With an RES, we estimate that we would invest approximately $1 billion more per year in wind and $1.5 billion in solar. That would translate into roughly 40,000 jobs over the next five years.

Clean energy advocates are always going on about how private capital is “sitting on the sidelines,” waiting for a reliable policy signal. This is what they’re talking about.

What about the economy? Well, the U.S. is mired in a demand-side recession. Factories and workers are laying idle. An RES will spur demand for clean energy up and down an enormous supply chain and spur deployment of private capital without costing the federal budget anything. A quarter of the RES in the Energy Committee bill can be met with energy efficiency, which is also labor intensive and “can’t be offshored,” as they say.

According to a new report from Navigant Consulting (PDF), an RES of 25 percent by 2025 (much more ambitious than what’s on the table in the Senate) would support  274,000 new clean energy jobs. Furthermore, those jobs would be created in every region of the country, including the Southeast, where opposition to an RES tends to be centered.

Is it popular? Any politician should be so popular. Last month in a Pew/National Journal poll a whopping 78 percent of respondents supported an RES, including 70 percent of Republicans and 77 percent of Independents. Requiring utilities to use more clean energy has been one of the most reliably popular energy policy options for years. The last few months have seen a stream of editorials, signed letters, and statements of support of the policy from prominent conservatives and industry groups.
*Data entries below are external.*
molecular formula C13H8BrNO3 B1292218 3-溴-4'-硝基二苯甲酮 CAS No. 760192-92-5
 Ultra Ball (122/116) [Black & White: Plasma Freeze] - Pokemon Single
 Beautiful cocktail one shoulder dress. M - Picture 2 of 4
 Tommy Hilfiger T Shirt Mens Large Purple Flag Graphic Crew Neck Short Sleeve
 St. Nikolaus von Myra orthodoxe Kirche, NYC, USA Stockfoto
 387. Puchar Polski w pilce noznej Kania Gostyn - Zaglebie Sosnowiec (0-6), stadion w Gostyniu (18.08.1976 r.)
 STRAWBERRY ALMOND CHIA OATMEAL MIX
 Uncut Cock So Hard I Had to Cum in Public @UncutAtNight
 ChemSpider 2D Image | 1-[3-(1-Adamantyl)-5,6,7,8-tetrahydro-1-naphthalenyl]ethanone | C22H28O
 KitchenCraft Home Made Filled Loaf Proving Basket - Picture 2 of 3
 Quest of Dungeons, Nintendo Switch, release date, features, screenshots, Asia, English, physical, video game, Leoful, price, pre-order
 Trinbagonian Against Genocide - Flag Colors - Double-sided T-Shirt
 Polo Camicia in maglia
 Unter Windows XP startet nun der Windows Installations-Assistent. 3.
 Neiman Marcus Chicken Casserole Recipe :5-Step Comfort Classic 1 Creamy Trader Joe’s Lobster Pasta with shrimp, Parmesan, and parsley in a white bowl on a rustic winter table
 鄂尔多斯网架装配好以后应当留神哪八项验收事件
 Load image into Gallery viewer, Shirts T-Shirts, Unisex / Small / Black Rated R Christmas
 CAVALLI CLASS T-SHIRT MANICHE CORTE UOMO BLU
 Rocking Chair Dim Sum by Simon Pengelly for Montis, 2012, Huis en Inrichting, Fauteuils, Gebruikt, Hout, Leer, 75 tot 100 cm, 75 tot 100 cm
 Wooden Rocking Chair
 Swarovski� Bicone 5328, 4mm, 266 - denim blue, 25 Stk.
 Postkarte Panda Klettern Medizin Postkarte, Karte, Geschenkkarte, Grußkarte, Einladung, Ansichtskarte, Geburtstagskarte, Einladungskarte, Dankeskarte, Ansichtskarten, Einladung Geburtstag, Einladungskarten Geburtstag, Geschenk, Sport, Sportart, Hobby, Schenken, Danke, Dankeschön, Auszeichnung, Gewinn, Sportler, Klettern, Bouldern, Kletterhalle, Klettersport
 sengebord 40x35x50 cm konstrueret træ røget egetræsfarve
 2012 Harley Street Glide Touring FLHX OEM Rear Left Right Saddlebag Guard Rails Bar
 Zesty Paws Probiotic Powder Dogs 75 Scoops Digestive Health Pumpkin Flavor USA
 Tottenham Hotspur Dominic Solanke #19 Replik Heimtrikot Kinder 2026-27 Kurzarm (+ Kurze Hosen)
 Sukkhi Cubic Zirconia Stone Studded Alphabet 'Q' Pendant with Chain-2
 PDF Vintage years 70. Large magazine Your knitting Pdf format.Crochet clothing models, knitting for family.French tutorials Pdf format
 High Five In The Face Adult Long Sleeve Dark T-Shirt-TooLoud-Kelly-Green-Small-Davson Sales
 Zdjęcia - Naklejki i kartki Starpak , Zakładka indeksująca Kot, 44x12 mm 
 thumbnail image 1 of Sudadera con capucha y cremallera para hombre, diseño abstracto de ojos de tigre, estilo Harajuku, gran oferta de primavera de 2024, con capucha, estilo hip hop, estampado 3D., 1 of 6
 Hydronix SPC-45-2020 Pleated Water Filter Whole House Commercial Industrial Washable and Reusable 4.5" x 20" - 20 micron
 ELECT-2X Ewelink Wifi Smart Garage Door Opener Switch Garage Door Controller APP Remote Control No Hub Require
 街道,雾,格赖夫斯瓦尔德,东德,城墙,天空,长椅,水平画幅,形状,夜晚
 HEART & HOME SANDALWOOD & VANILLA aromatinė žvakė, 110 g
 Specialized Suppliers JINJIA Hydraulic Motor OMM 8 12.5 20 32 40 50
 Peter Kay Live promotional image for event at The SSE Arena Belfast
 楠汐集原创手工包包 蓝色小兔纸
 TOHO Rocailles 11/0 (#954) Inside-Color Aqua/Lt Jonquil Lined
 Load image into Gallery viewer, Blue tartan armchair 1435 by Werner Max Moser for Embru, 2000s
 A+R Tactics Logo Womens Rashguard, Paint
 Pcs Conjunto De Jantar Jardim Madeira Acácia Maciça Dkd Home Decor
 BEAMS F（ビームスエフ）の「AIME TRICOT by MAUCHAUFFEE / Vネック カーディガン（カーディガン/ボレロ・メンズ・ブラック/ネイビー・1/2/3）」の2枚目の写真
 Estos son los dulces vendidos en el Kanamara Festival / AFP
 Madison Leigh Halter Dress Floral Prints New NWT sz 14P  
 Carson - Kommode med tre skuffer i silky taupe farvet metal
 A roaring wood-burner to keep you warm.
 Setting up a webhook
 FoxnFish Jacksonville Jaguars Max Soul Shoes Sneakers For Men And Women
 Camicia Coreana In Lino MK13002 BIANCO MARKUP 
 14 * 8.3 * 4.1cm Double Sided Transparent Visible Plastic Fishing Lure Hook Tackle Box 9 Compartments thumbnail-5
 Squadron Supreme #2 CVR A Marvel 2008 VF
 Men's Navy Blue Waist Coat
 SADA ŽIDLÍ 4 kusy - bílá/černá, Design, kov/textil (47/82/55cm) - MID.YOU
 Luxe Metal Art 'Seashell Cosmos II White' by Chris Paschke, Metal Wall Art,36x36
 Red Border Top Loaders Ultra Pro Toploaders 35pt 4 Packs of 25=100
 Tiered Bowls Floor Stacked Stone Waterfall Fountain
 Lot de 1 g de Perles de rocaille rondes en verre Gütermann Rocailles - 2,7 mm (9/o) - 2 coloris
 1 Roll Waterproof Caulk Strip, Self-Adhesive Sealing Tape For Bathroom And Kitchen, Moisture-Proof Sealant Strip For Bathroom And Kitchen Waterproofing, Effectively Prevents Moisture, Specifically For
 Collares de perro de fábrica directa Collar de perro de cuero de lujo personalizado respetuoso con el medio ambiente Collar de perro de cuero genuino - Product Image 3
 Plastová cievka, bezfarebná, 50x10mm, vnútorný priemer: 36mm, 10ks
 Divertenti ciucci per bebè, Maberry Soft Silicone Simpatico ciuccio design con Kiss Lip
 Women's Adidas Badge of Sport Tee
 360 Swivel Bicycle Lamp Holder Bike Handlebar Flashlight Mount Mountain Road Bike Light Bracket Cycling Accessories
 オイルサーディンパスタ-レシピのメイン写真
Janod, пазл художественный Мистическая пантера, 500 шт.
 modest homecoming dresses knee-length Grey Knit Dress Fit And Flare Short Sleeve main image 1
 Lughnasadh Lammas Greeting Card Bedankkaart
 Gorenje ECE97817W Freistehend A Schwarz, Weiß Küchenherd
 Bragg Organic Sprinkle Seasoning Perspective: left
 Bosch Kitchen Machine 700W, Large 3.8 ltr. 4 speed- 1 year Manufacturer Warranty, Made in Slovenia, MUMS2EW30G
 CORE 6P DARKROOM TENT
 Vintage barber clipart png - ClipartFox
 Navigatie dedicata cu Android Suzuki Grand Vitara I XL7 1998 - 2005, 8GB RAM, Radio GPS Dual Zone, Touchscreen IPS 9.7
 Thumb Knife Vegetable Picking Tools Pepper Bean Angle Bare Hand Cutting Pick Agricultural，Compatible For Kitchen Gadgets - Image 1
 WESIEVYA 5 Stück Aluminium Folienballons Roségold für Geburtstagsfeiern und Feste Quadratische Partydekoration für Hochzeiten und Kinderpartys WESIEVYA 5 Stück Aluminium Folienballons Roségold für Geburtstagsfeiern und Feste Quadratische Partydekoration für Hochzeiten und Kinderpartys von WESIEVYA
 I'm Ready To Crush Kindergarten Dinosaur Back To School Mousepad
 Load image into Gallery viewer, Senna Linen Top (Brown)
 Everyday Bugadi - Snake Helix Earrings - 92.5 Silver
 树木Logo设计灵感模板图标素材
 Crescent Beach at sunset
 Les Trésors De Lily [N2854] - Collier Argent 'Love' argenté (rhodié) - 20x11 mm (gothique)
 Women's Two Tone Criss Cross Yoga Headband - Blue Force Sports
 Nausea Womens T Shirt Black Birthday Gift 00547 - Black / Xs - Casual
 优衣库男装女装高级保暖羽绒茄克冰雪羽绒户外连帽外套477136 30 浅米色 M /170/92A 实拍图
Not many policies get this kind of bipartisan support these days. People are fond of saying energy should be a bipartisan issue and surely reasonable people can agree, etc. Well, here it is, happening.

Harry Reid and Lindsey GrahamBut … you knew there was a but, right? … it’s tough to see it passing this year. The harsh math of the filibuster means Harry Reid depends entirely on Republican votes. Time after time this session, this or that Republican has held out the prospect of cooperation; time after time, they’ve yanked it away in the end.

Right now, Republicans are in the catbird seat. By all indications they are heading for historic victories in the 2012 midterms. Every poll is swinging their way and the Democrats are having one crappy news cycle after another. What conceivable incentive do they have to allow Dems a legislative victory at this late hour, right when they’re on the ropes?

I mean, in a period of 10 percent unemployment, the GOP fought against unemployment benefits. You think they won’t block an RES? They’re now arguing against R&D tax credits and infrastructure spending, two policies they have (rhetorically) supported for years. You think they won’t turn their back on an RES?

Few people on the center left — and I include both Obama and Reid in this — seem able to get their heads around what the GOP has become. They keep thinking there are policy compromises so obviously in the public interest that Republicans will feel a sense of shame and call a time out on partisan warfare. By now, though, it should be clear beyond all doubt that Republicans have no interest in doing so. It’s got nothing to do with policy or the public interest. Maximal obstruction is proving electorally successful for the GOP and getting power back is their sole and overriding priority. Pressure on their members not to cross the aisle will be overwhelming. They want to destroy Obama and the Dems. That’s it. That’s really it.

But hell. Maybe Reid is right that if he approaches Republican senators during the lame duck session they’ll be free of electoral pressure and ready to get something done an RES. Maybe I’ll be proven wrong and readers will be right to scold me for seeing the Congressional GOP as a purely malign force in contemporary energy policy. I certainly hope so. I commend all the work being done to make it so and encourage anyone who can to join that work. But at the moment my pessimism-of-the-intellect is sitting on top of my optimism-of-the-will, giving it a wedgie.